**TASK TO CARRY OUT:** In the records that follow, find each line with "Glass" and pull it out.

**INPUT FOR THIS TASK:**
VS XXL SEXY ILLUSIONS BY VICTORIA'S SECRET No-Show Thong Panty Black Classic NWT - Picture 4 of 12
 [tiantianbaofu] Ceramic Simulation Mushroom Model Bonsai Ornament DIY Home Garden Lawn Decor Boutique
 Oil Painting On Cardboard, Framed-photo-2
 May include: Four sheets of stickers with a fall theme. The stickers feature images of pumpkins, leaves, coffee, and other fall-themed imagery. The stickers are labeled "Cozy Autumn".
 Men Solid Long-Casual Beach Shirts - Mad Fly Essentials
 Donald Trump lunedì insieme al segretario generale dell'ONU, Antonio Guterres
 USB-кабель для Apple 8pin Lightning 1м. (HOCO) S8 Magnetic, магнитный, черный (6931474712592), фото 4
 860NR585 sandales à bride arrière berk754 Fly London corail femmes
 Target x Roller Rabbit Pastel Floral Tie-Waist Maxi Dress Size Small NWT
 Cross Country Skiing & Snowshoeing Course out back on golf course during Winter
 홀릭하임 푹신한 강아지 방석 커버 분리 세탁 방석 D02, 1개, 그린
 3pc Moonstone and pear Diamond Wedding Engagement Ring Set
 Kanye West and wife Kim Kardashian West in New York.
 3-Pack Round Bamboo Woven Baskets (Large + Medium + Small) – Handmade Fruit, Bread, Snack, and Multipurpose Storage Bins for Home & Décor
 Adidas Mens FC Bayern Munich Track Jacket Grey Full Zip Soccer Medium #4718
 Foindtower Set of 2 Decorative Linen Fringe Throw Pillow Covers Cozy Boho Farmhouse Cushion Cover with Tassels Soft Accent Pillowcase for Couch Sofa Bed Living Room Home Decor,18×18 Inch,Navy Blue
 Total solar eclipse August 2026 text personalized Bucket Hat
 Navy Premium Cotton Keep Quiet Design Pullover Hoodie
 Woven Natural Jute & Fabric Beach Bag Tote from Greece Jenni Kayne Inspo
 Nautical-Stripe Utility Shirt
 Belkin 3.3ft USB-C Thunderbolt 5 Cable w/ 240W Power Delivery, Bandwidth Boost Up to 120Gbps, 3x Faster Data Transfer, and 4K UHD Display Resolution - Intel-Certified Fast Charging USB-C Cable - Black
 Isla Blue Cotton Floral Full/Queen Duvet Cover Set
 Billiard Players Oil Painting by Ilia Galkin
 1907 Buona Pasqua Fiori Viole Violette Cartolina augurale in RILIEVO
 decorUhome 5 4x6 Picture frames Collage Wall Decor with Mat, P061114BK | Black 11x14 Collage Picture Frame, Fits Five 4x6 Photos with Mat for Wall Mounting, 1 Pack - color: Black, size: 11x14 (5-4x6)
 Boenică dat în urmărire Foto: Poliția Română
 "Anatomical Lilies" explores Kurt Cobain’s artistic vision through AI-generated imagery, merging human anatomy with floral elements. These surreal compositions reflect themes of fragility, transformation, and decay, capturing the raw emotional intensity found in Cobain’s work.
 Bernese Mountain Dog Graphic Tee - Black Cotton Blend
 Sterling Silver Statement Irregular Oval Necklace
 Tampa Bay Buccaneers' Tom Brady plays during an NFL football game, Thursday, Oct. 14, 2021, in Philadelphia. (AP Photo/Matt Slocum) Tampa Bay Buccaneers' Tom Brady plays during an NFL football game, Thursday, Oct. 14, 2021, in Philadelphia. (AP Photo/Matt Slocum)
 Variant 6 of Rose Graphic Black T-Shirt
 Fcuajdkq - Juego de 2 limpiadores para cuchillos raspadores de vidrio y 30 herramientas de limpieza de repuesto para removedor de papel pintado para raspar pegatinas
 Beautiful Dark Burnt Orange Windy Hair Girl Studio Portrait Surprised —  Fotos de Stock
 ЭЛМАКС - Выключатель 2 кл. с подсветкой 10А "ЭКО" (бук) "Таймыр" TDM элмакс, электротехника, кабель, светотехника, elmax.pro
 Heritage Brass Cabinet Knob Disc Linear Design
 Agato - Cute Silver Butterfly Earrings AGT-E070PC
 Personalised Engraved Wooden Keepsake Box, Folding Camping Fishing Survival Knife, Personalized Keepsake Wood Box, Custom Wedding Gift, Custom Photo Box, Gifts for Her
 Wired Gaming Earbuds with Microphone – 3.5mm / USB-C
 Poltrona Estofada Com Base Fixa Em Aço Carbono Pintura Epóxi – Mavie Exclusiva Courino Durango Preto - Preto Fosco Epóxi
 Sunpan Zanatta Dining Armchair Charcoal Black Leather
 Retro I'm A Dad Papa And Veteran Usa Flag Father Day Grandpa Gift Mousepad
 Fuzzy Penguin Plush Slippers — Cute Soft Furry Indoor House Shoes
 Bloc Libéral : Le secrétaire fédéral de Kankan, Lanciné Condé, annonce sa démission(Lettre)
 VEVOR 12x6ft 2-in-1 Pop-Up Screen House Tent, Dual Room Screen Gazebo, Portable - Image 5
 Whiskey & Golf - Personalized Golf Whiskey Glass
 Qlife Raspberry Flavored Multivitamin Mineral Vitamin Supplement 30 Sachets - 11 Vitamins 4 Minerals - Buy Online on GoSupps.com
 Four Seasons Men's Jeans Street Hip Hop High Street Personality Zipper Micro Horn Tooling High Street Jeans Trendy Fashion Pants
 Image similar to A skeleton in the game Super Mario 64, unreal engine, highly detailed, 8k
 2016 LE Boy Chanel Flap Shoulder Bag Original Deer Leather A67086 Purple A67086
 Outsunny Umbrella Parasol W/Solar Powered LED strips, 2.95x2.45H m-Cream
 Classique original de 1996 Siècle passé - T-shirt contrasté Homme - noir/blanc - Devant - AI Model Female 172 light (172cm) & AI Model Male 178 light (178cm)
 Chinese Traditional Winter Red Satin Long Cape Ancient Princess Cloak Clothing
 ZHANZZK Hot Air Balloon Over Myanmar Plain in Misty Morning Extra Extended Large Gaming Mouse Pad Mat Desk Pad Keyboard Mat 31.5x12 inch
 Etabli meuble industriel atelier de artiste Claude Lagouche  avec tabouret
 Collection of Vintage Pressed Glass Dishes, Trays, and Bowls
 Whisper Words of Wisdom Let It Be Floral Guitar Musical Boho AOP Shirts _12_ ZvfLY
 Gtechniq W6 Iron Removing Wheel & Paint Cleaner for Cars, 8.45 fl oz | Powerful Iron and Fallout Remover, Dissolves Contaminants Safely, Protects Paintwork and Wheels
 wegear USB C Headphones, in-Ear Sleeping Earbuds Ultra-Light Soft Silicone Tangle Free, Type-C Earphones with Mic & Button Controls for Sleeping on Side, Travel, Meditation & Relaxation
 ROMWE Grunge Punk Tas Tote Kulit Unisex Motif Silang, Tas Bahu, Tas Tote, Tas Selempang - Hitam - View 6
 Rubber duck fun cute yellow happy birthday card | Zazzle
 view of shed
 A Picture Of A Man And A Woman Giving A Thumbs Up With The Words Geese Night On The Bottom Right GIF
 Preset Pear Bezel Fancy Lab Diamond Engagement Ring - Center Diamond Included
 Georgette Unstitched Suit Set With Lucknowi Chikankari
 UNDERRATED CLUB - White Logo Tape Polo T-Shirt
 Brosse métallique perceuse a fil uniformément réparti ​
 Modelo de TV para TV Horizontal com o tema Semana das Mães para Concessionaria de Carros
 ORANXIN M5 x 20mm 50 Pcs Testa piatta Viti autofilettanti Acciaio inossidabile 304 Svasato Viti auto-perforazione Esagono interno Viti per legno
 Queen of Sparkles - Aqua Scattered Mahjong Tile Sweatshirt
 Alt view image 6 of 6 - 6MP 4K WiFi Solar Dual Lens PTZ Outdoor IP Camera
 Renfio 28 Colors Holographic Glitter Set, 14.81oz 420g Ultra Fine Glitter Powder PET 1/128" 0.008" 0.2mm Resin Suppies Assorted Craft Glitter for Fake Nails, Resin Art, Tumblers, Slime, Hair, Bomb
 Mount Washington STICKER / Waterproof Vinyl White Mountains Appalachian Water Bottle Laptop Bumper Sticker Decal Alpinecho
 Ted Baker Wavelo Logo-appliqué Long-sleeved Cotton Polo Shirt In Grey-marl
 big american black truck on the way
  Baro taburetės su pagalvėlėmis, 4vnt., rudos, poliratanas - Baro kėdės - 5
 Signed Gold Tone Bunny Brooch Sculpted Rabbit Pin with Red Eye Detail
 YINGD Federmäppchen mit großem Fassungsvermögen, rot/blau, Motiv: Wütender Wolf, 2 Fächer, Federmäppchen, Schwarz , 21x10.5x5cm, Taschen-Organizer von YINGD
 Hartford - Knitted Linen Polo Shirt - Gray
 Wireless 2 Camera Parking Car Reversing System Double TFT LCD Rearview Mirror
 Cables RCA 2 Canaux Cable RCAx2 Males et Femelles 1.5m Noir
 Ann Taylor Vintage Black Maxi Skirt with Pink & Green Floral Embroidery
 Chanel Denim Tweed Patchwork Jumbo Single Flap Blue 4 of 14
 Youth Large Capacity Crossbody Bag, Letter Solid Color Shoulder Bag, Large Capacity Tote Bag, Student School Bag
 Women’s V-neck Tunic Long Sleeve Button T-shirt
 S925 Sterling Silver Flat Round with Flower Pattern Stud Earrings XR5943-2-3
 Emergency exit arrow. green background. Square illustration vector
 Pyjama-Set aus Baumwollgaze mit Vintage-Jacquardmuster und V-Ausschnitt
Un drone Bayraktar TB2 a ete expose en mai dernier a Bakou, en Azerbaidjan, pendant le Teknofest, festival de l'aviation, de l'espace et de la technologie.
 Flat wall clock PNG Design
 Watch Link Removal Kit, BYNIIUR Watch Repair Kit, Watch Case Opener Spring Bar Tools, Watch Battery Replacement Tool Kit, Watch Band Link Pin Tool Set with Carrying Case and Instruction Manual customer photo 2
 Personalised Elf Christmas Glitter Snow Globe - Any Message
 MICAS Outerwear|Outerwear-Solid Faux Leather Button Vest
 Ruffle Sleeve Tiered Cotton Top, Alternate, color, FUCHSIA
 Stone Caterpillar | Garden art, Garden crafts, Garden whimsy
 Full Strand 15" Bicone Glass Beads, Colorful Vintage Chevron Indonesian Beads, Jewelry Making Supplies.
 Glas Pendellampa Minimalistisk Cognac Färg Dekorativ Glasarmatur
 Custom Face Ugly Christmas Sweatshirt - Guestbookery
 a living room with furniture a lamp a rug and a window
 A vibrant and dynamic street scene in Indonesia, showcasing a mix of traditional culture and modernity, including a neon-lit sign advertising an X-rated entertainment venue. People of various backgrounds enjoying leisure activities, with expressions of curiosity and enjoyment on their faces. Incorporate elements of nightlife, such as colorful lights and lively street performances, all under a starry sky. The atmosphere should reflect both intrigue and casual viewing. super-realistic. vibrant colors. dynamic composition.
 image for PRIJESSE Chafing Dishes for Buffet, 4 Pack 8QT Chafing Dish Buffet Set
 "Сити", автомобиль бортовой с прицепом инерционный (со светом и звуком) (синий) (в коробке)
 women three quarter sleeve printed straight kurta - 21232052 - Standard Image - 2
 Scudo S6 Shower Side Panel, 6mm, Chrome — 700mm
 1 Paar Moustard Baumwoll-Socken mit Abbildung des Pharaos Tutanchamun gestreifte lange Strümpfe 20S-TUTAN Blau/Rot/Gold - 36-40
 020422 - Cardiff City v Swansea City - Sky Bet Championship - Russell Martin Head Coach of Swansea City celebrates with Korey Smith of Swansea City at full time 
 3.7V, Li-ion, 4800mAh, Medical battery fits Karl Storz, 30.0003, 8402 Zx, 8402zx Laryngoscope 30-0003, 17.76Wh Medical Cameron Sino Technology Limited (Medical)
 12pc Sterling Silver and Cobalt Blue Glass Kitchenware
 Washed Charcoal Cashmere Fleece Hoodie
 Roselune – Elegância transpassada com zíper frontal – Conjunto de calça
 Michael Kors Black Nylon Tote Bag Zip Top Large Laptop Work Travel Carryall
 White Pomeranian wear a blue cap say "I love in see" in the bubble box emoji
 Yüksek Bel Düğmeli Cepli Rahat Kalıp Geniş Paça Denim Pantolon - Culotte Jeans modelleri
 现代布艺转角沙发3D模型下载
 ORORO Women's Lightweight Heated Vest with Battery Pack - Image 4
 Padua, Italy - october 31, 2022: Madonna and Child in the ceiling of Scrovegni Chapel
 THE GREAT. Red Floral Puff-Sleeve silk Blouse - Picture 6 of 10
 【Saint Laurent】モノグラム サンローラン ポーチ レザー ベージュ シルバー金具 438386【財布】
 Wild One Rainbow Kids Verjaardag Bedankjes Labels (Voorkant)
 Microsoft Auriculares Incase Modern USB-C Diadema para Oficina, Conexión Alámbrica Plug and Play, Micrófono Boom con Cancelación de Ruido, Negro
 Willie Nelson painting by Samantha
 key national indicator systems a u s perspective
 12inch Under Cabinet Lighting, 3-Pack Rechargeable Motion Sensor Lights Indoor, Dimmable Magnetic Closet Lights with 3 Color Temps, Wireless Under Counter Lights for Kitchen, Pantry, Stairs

**EXERCISE ANSWER:**
 Whiskey & Golf - Personalized Golf Whiskey Glass
 Collection of Vintage Pressed Glass Dishes, Trays, and Bowls
 Full Strand 15" Bicone Glass Beads, Colorful Vintage Chevron Indonesian Beads, Jewelry Making Supplies.
 12pc Sterling Silver and Cobalt Blue Glass Kitchenware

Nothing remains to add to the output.